By Dr. Harold A. Black

blackh@knoxfocus.com

haroldblackphd.com

Brenda Russell’s “Against the Law” (see the video) brings back some unpleasant memories of growing up black in the segregated south. I knew of no one under the illusion that justice was blind. Justice was not impartial and objective. Blacks expected and received harsher punishment than whites. Whites controlled the police departments, the judges and juries. The question is why is justice still not blind?

We all know that there are racial disparities in the administration of “justice” but we must be careful not to use racial disparities as a proxy for discrimination. For example, confinement rates for blacks are greater than for whites. However, confinement rates are misleading if blacks commit more crimes than whites. If the crimes committed by blacks are more serious than those committed by whites, then black sentences should be harsher. So the question is one of ceteris paribus (all other things being equal). Discrimination occurs if blacks and whites who commit the same crime and have the same priors receive different treatment by law enforcement and by the courts. More specifically, the correct test would be to look at treatment by race within the same law enforcement unit, the same prosecutors and the same judge. If a jury trial is involved, then the same approximate jury. Of course that is not possible, so inference becomes important. Moreover, it would be important to see differences in enforcement, incarceration and sentencing when control of the government flips from white to black. It is obvious that in some areas now in the hands of “progressives” that their solution to disparate treatment is perverted. Rather than advocating for equal treatment, their solution has been to lessen the penalties of crimes committed by blacks. Not surprisingly, crimes have increased in cities with progressive DAs. Look at the explosion of car thefts and smash and grab crimes in San Francisco, Los Angeles and New York.
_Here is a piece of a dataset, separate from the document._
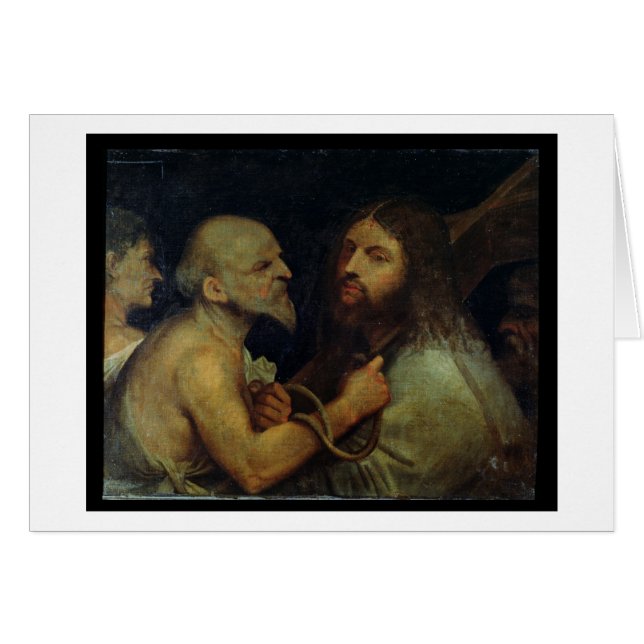 Christus, der das Kreuz trägt (Vorderseite (Horizontal))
Justice is not blind because all of its components are biased. All-white juries levy harsher punishment against blacks than whites. It was not long ago in the deep south that a white person who committed a crime against a black could expect no punishment – even in the case of murder – because the cops, judges and juries were all white. Thankfully, those times are gone. But the question remains: will the punishment today be the same for a black committing the same crime as a white? A lot depends on the juries. Each juror is biased even though the justice system assumes otherwise. However, jurors are not tested for implicit biasness. By the way, the most widely tests for implicit biases are fatally flawed and woefully unreliable.
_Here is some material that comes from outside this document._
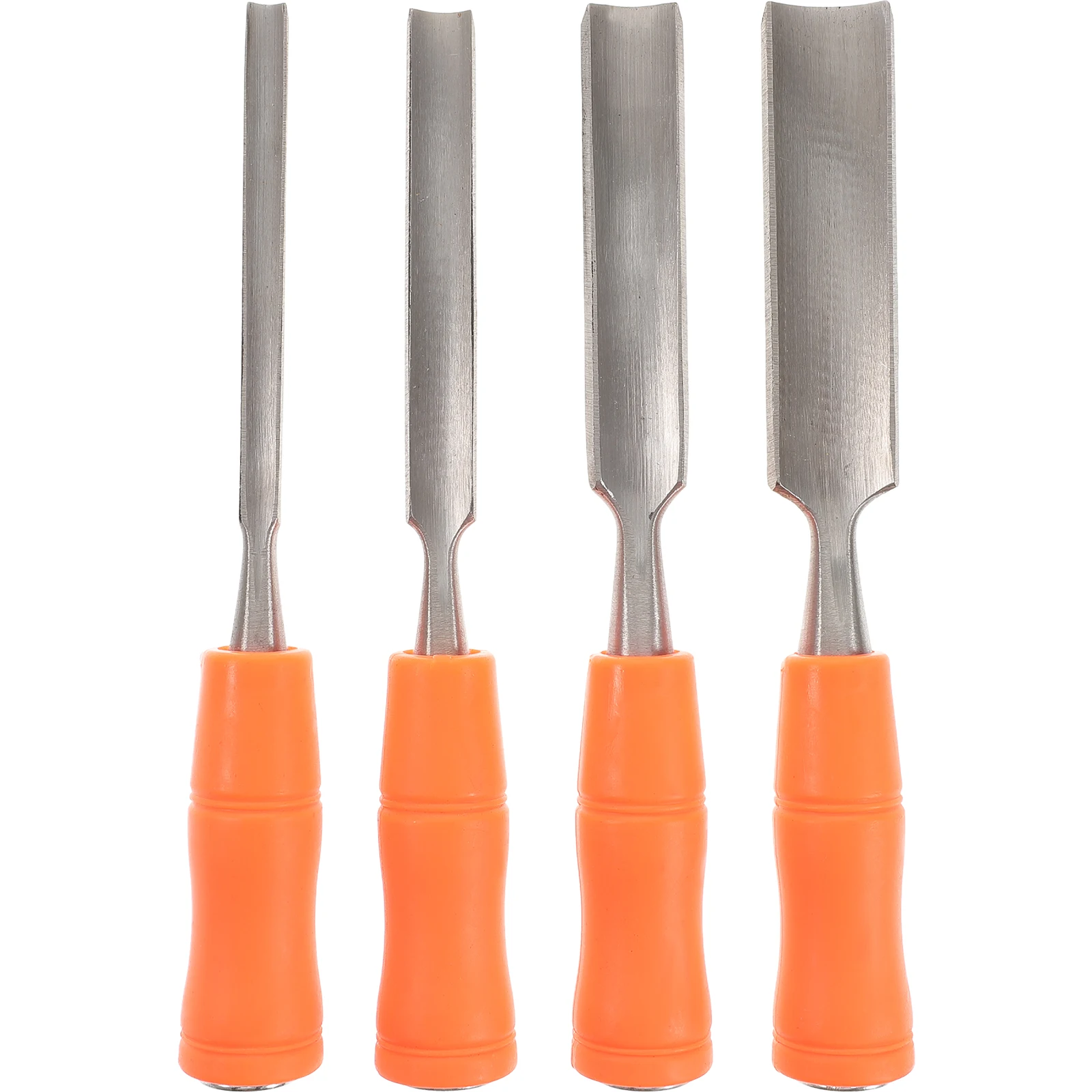 

4Pcs Woodworking Chisel Set Comfortable Ergonomic Handle Carving Tools for Beginners Professional Woodworkers Hand Tools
Even the judges who administer the law are biased. When a case goes before a federal judge, it is always reported who appointed the judge. Was it Trump or Biden or Bush or Obama? This is an acknowledgment that justice is not blind and the politics of the judge will determine the outcome. More often than not, Supreme Court decisions revolve around which president appointed the justices. If justice were blind, then the opinions of justices Brown and Sotomayor would be different than how they vote. That is, even if their examples of the benefits of an unconstitutional act were true, they still should have voted against the unlawful act given their supposed fealty to the Constitution.

We all know that Donald Trump will not receive a “fair” trial in New York, Washington, D.C., or Atlanta, GA. The DAs, grand juries and trial juries are all biased and hate Trump. In order to get a semblance of a fair trial, Trump’s lawyers should demand that the juries be split evenly among whites and blacks and Republicans and Democrats. A black and or a Democrat jury in those cities guarantees a guilty verdict. Trump juries with some Republicans would likely result in a hung jury and a jury of Trump supporters would find him not guilty – all hearing the same evidence.

Again, blacks have never thought that justice was blind. In fact, the term “justice” is itself a misnomer. I think that most whites have always felt the same way but since “justice” was tilted in their favor they didn’t object. However, the prosecutions of Donald Trump have changed all that. Citizens see now the uneven application of the law in our system of “justice”. The two-tiered justice system that has always been present in black America is now front and center. The question is whether we are finally going to do something about it?